The Jamuna Multipurpose Bridge Authority (JMBA) was set up by an ordinance promulgated by the then President Hussain Muhammad Ershad on July 3, 1985 to implement the project. For mobilisation of domestic resources, another ordinance was promulgated by which a Jamuna Bridge surcharge and levy were introduced. A total of Tk 5.08 billion was mobilised in the process till its abolition.
In 1986, phase-I feasibility study for the bridge was carried out when the site between Sirajganj and Bhuapur (Tangail) was found to be the best. Between 1987 and 1989, the phase-II feasibility study was carried out when a road-cum-rail-cum-power bridge was found both economically and technically viable. Funding arrangements for the bridge were finally made with IDA, ADB and JBIC (formerly known as OECF) of Japan by the government of Bangladesh in 1992. Tenders were invited through international bidding for construction contracts in 1993. Contracts for the bridge, river training work and two approach roads were awarded in March 1994. The foundation stone of the bridge was laid on April 10, 1994 by the then Prime Minister Begum Khaleda Zia.
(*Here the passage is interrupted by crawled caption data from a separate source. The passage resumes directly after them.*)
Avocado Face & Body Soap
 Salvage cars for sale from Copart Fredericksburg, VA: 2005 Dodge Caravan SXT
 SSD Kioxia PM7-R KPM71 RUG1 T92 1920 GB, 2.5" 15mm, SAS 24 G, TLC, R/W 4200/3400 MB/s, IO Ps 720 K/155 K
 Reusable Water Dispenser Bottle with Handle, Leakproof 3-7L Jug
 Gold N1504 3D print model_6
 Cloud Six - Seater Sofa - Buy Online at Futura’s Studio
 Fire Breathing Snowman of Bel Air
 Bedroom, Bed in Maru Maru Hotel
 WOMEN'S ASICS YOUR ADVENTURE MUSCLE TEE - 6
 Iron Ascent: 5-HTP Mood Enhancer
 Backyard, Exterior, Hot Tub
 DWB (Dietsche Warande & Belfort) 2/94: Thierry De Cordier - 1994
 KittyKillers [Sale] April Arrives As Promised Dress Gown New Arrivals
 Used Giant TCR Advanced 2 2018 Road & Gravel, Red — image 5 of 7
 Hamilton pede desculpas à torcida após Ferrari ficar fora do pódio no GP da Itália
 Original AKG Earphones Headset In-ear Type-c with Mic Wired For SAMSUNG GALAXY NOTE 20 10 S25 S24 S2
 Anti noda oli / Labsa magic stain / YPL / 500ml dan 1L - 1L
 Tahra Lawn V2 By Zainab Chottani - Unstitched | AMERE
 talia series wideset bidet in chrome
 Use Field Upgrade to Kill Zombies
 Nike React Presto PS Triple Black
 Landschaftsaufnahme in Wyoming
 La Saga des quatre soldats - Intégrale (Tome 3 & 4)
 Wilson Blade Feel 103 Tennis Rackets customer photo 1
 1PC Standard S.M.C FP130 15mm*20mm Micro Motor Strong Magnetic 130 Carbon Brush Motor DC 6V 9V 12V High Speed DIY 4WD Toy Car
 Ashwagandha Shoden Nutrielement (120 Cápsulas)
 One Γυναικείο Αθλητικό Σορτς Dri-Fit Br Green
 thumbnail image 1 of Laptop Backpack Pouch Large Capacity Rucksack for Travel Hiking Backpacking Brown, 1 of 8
Physical implementation of the project commenced on October 15, 1994, and all the components except gas transmission line were completed by June 1998. The bridge was opened for traffic on June 23, 1998.
Jamuna Multipurpose Bridge was constructed by Hyundai Heavy Industries at a cost of $696 million. The cost was shared by IDA, ADB, OECD, and the government of Bangladesh. Of the total, IDA, ADB and OECD supplied $200 million each through a loan with 1% nominal interest, and the remaining $96 million was borne by Bangladesh.
The main bridge is 4.8 km long with 47 main spans of approximately 100 metres and two end spans of approximately 65 metres. Connected to the bridge are east and west approach viaducts each with 12 spans of 10 metre length and transition spans of 8 metres. The total width of the bridge deck is 18.5 metres.
The river crossing was designed to carry a dual two-lane carriageway, a dual gauge (broad and metre) railway, a high voltage (230 kV) electrical interconnector, telecommunication cables and a 750 mm diameter high pressure natural gas pipeline. The carriageways are 6.315 metres wide separated by a 0.57 metre width central barrier; the rail track is along the north side of the deck. On the main bridge, electrical interconnector pylons are positioned on brackets cantilevered from the north side of the deck. Telecommunication ducts run through the box girder deck and the gas pipeline is under the south cantilever of the box section. The bridge has been built by Hyundai Engineering and Construction (Korea) as a ‘design and build’ contract. TY Lin Assoc. of San Francisco carried out the design as a sub-contractor for Hyundai. The approach roads were constructed by Samwhan Corporation (Korea).
Considering the fact that the width of the main channel does not exceed 3.5 km, and after making allowances for floods, a bridge length of 5 km was considered adequate. In October 1995, one year after the start of physical work of the bridge, a bridge length of 4.8 km, instead of a flood-width of the river at 14 km, was finalised. This narrowing was essential to keep the overall project cost within economic viability. It has, however, required considerable river training work to keep the river under the bridge.